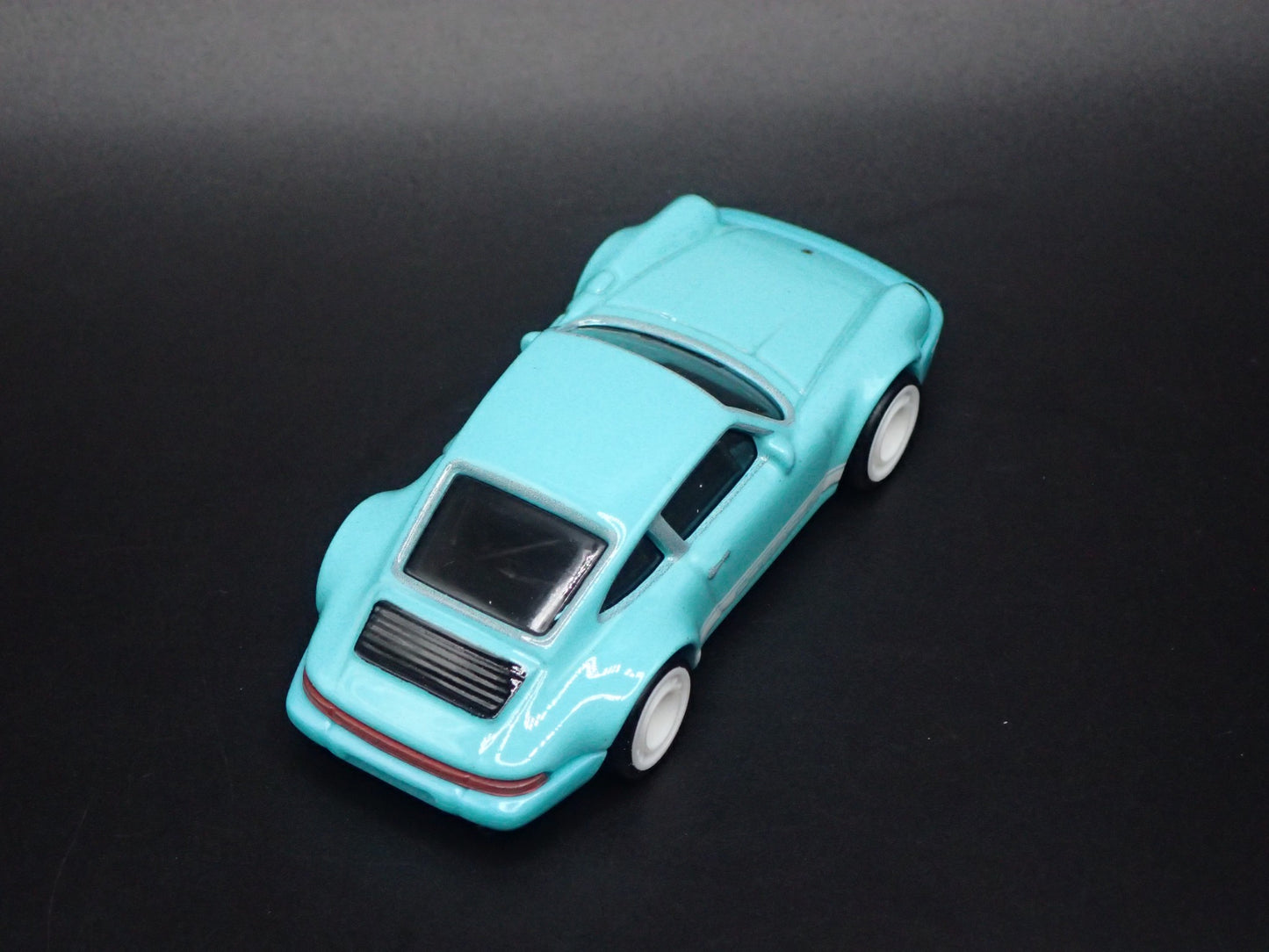 1989-1994 PORSCHE 964 BLUE 1:64 SCALE COLLECTIBLE DIORAMA DIECAST MODEL CAR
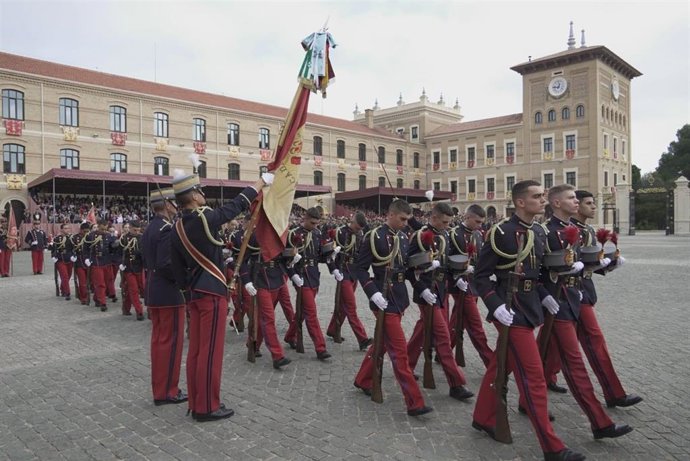 Acto de juramento ante la Bandera en el Patio de Armas de la Academia General Militar de Zaragoza.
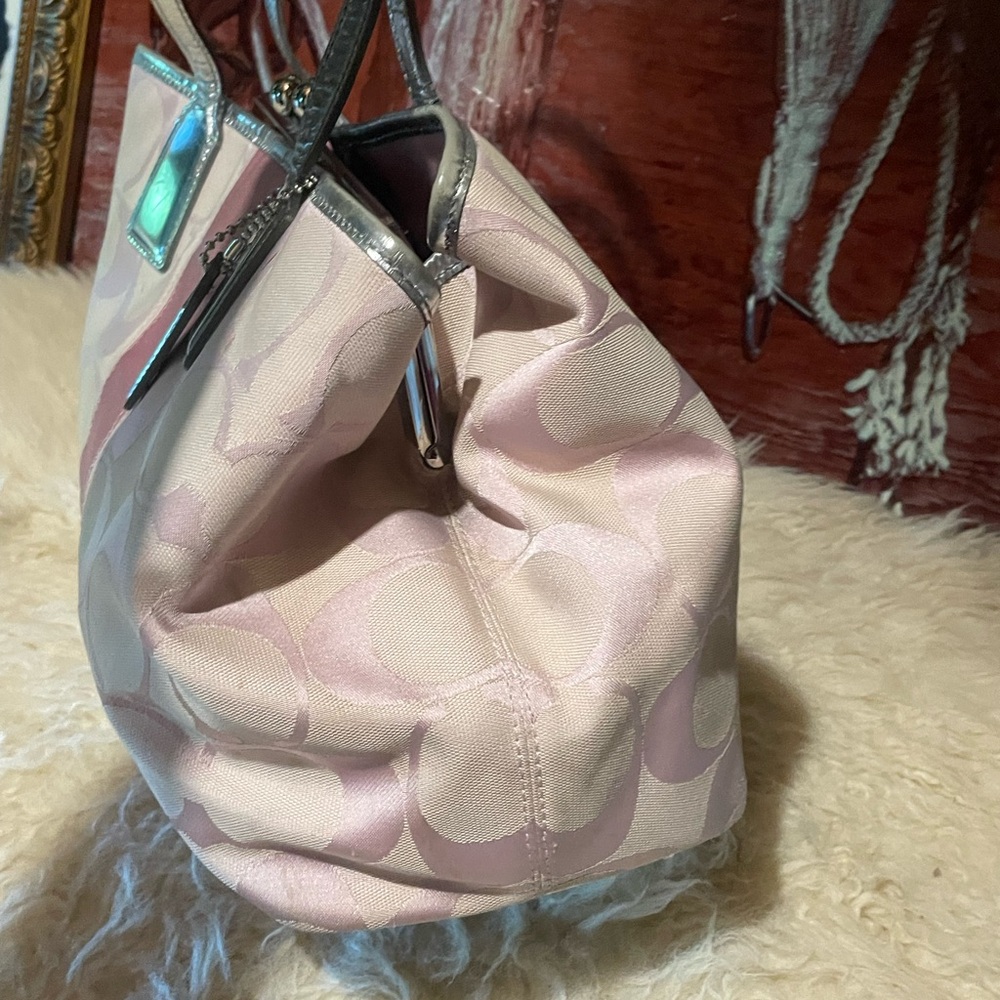 Coach Kiss Lock 3 section bag - Picture 13 of 13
===============
WORK INSTRUCTIONS:
Put each line of the listing above into the copy exactly, dropping the pictures.

OUTPUT BELOW:
 1989-1994 PORSCHE 964 BLUE 1:64 SCALE COLLECTIBLE DIORAMA DIECAST MODEL CAR
 Acto de juramento ante la Bandera en el Patio de Armas de la Academia General Militar de Zaragoza.
 Coach Kiss Lock 3 section bag - Picture 13 of 13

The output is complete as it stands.